Entry points are typically traits that you extend in order to write your game, and they provide the basic structure that you need to adhere to, to make a game that Indigo understands. What they actually do underneath is provide a user friendly way to build the frame processor and start the engine that does all of the work.

Built in entry points

There are currently four recommended ways to make an indigo game, four entry points traits to extend from listed here in order of increasing complexity and power:

  1. IndigoSandbox[StartUpData, Model]
  2. IndigoDemo[BootData, StartUpData, Model, ViewModel]
  3. IndigoGame[BootData, StartUpData, Model, ViewModel]

...and the more specialised:

  1. IndigoShader

IndigoSandbox is for experiments and very simple games that require only the core facilities to work. This interface has the benefit of being very clean and clear, but you'll quickly need to upgrade if you need to do anything like embedding it in your own website. The sandbox is also great place to start learning Indigo since all of the core principles carry through to the other entry points.

IndigoDemo is the next step up in complexity. With Indigo demo you can theoretically do anything, but it lacks built in scene management. You might choose this entry point for demos or games that still aren't too big but require more functionality / control than sandbox affords, such as boot flags and subsystems.

IndigoGame has all the functionality of IndigoDemo, but it adds scene management to help you describe games that have many screens and levels and so on. There is another complexity bump here that makes it less friendly for beginners but that quickly becomes worth it when building bigger projects.

IndigoShader is specifically for shader development, and provides a game that renders a single viewport sized BlankEntity, that displays your shader. The set up is quite a bit different from the other entry points, and is losely modelled on shadertoy.

Roll Your Own

All of the entry points previously described are provided with Indigo, but they are abstractions and not actually required.

Indigo really only needs two things to run, a FrameProcessor and an instance of the GameEngine.
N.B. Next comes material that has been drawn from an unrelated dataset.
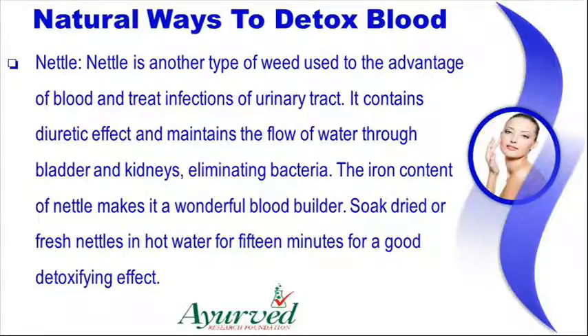Nettle is another type of weed used to the advantage of blood and treat infections of the urinary tract. It contains a diuretic effect and maintains the flow of water through the bladder and kidneys, eliminating bacteria. The iron content of nettle makes it a wonderful blood builder. Soak dried or fresh nettles in hot water for 15 minutes for a good detoxifying effect.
If you know a tiny bit of Scala.js and you are so inclined, you can see how they are built / run by looking at the code for, say, IndigoSandbox (it's only one class!). Dig a little deeper and you'll notice that things like the scene manager only really exist superficially, the core of Indigo doesn't know anything about scenes.

If you have a great idea for a better way to program games - perhaps a better interface built on some shiny new popular library - why not see if you can build a new entry point for it!